ACE: FINITE REINSURANCE ABUSES
These are details of how Ace improperly used non-traditional and finite reinsurance to enhance its earnings and those of clients, according to the settlement agreement between Ace and the three Attorneys General of US states:
In at least six separate deals, Ace created the false appearance of risk transfer, utilising methods such as secret side agreements to negotiate wording of written contracts that did not accurately characterise the agreement reached between parties, said the settlement. For example:
1998: Ace agreed to pay $45 million for $50 million in cover on a policy which Hiscox Syndicates Ltd. had insured with a $45 million limit and on which $40.8 million of losses had already occurred. The contract therefore appeared to have sufficient risk of loss to any auditor or regulator who examined it. Since losses were expected to reach the $50 million limit, Ace and Hiscox negotiated a secret side agreement providing that ACE would not have to pay any claims until 2002.

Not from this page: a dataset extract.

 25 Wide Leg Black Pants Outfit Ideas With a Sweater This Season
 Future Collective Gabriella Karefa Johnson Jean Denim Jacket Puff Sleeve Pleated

This ensured that Ace would generate sufficient investment income to cover any losses over the premium and incur no real risk, however Ace inadvertently showed a copy of the agreement to its outside auditing firm which refused to authorise the deal of reinsurance. Ace then falsely told the auditor that the transaction would proceed without the side agreement. In realty the parties reached a verbal agreement for the same terms and both sides accounted for the deal as reinsurance.
2000: Ace agreed to provide American Capital Access with $60 million in “reinsurance” in exchange for $60 million in premiums. Ace acknowledged that this was essentially a loan agreement in an internal document after the first $10 million of coverage.

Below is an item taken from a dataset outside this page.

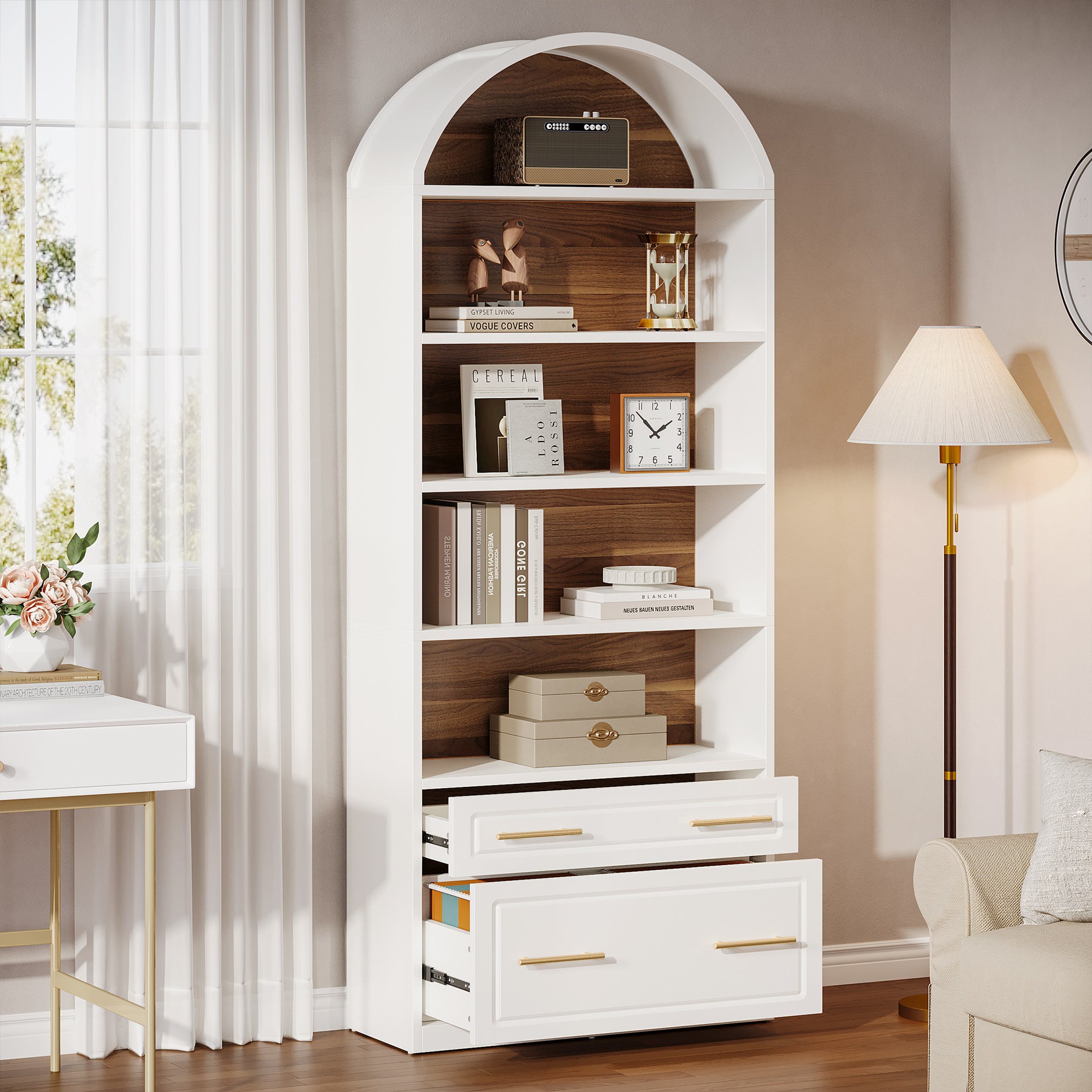 76.8" Arched Bookcase, 5-Tier Bookshelf with File Cabinet Drawer for Home Office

“Restructured programme can be viewed as ACA making a $10 million loan to Ace at three percent rate of interest thus AFS [a division of Ace earns approximately 3000 bps on $10 million,” the document said
2000: Ace moved to provide reinsurance that would free up Ace Tempest Re's capital after it incurred property losses of $45 million. Ace engineered an internal deal between Tempest Re and Ace Bermuda Insurance Ltd. which appeared to involved Tempest Re paying $70 million for $120 million in reinsurance with part of the sum meant to cover the $45 million loss that had already occurred.
Through a side agreement, the parties agreed to cancel the contract as soon as Tempest Re had paid the first $45 million of premiums. Ace Bermuda received a $5.67 million fee for participating in the deal while Ace Tempest Re was able to remove its losses for the set fee of $5.67 million. Both parties accounted for the deal as reinsurance despite the lack of risk.